GPU-Accelerated Linear Algebra for Large-Scale DFT with CRYSTAL

GiacomoAmbrogio

Dear CRYSTAL community,

We’re excited to share our recent work on accelerating linear algebra operations in the CRYSTAL code using GPUs. Our implementation boosts the performance of self-consistent field (SCF) calculations by offloading key matrix operations like multiplication, diagonalization, inversion, and Cholesky decomposition to GPUs.

In the manuscript, we first analyze the performance and limitations of the standard parallel version of the code (Pcrystal) and then we evaluate the scalability of the new GPU-accelerated approach with 1 to 8 GPUs, observing remarkable scaling. To highlight these improvements, we present benchmark results on different systems, such as the example below.

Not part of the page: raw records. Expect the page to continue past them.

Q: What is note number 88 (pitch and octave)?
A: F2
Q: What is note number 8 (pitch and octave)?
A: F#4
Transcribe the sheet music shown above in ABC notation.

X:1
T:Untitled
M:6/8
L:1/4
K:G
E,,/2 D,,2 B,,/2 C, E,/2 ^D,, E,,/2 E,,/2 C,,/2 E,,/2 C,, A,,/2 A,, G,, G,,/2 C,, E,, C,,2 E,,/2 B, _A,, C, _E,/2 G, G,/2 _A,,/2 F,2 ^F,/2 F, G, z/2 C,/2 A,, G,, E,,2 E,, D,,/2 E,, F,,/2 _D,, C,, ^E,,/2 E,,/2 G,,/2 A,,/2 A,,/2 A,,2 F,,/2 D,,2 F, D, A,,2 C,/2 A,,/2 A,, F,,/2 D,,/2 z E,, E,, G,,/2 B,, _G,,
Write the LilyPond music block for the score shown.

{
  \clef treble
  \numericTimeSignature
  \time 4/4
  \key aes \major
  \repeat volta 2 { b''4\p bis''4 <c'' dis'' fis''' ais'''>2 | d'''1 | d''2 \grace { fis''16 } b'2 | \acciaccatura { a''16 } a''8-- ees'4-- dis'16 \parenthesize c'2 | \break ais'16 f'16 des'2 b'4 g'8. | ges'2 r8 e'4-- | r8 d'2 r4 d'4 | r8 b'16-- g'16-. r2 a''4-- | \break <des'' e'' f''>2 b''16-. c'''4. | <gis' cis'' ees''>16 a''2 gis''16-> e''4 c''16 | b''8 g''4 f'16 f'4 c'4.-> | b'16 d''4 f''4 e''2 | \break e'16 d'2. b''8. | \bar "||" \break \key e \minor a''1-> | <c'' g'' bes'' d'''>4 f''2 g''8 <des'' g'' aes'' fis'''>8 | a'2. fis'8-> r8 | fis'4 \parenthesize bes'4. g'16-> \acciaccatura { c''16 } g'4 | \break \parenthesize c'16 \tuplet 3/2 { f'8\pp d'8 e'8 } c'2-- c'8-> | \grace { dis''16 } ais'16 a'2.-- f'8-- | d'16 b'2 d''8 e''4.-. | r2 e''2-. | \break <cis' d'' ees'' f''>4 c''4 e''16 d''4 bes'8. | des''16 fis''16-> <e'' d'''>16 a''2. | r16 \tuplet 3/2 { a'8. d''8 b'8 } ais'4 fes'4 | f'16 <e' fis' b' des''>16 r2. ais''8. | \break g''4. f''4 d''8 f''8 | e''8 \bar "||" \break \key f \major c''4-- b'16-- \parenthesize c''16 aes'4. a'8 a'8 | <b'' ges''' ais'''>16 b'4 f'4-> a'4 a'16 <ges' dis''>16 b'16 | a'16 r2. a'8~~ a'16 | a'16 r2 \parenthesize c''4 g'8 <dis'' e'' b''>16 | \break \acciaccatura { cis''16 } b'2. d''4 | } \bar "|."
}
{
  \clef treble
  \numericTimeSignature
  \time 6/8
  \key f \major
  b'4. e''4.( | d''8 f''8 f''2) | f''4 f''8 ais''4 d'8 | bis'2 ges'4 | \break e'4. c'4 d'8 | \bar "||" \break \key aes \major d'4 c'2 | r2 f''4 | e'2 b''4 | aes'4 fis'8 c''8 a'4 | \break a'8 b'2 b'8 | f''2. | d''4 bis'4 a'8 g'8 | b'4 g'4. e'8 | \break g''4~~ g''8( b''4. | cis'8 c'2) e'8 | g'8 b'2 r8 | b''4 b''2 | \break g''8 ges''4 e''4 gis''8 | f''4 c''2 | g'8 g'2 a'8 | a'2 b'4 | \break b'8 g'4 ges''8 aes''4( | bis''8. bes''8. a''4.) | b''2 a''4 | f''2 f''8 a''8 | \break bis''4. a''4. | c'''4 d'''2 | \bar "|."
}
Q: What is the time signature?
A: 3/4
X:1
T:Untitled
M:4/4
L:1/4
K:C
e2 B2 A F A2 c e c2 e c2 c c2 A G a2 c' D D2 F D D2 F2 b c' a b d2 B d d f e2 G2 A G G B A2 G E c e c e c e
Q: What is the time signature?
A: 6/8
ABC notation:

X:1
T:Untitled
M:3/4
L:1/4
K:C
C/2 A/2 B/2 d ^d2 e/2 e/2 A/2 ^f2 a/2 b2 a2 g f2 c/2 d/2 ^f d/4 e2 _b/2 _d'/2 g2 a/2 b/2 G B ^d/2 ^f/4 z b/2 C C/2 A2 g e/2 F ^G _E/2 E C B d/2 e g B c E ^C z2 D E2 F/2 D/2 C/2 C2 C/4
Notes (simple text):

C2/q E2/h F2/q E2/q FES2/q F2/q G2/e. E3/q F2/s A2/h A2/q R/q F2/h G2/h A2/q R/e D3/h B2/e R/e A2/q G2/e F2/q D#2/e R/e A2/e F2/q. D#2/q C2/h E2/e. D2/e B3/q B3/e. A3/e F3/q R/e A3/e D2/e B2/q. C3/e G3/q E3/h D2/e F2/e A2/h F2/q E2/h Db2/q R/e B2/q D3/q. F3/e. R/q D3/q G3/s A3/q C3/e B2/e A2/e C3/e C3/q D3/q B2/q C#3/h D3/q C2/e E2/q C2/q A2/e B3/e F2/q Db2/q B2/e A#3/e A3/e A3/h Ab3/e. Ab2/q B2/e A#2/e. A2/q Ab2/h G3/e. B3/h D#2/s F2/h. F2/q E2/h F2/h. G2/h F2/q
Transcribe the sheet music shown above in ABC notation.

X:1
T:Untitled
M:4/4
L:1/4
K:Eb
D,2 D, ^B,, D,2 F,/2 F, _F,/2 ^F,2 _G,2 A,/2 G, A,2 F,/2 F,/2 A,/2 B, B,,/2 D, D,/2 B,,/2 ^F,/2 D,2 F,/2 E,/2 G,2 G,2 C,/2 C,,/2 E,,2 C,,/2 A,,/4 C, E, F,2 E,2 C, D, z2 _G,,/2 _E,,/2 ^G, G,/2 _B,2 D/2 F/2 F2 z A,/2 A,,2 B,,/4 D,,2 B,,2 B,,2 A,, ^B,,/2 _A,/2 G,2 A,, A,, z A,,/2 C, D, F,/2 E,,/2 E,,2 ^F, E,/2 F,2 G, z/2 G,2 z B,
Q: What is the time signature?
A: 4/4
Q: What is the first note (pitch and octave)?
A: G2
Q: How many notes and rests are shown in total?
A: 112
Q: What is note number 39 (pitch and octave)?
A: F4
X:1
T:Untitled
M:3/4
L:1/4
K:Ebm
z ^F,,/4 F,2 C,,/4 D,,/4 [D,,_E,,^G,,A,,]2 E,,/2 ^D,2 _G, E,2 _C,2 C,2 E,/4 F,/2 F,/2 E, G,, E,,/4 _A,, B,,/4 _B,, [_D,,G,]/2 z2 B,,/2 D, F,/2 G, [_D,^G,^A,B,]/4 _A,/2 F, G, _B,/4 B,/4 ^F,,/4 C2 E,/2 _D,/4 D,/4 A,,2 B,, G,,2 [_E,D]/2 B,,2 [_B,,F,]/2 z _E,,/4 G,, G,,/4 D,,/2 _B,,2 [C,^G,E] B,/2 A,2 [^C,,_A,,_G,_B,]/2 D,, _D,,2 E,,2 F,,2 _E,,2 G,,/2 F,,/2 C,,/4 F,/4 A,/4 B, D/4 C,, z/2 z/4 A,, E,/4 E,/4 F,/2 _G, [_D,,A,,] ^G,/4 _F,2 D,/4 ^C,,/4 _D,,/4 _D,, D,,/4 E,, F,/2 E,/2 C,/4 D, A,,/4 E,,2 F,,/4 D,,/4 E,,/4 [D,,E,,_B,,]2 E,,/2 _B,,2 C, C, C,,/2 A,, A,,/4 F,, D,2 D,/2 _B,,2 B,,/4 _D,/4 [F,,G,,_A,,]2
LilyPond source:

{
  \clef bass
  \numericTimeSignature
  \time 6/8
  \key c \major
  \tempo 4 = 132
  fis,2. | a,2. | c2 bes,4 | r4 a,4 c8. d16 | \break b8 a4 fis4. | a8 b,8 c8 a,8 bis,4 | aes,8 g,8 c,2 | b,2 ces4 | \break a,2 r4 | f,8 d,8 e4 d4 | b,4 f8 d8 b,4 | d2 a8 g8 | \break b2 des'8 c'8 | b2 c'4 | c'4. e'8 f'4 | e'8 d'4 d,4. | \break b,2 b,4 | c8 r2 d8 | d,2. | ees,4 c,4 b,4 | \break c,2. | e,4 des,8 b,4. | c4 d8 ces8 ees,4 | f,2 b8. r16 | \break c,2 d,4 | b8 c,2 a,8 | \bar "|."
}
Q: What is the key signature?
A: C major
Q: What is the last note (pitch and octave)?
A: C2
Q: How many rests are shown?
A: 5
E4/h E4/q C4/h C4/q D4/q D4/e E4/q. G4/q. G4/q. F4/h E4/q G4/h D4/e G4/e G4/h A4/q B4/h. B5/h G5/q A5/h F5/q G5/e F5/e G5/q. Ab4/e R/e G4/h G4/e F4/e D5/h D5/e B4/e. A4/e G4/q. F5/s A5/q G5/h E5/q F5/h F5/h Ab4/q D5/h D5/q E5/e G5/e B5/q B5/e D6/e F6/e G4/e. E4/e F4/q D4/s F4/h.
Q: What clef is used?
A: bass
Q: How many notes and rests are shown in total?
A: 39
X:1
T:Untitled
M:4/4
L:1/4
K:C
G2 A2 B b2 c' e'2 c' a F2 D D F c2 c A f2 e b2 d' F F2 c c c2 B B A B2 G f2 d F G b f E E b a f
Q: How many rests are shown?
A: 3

We expected significant speedups for large systems due to the limited number of k points, each requiring substantial computational effort. To ensure a fair comparison, we ran calculations using the massively parallel version of CRYSTAL (MPPcrystal) on a large MOF structure with over 30000 basis functions. Surprisingly, a single GPU on one node performed comparably to 512–1024 CPU cores running across 4–8 nodes.

To find out more, read the full paper here.

We aim to make this GPU-accelerated version of CRYSTAL available in the upcoming release, allowing all users to benefit from its enhanced performance for large-scale simulations. We look forward to reading your thoughts and discussing potential applications or further improvements.

A big thanks to Lorenzo Donà, Chiara Ribaldone, and Filippo Spiga for their contributions to the development of this code!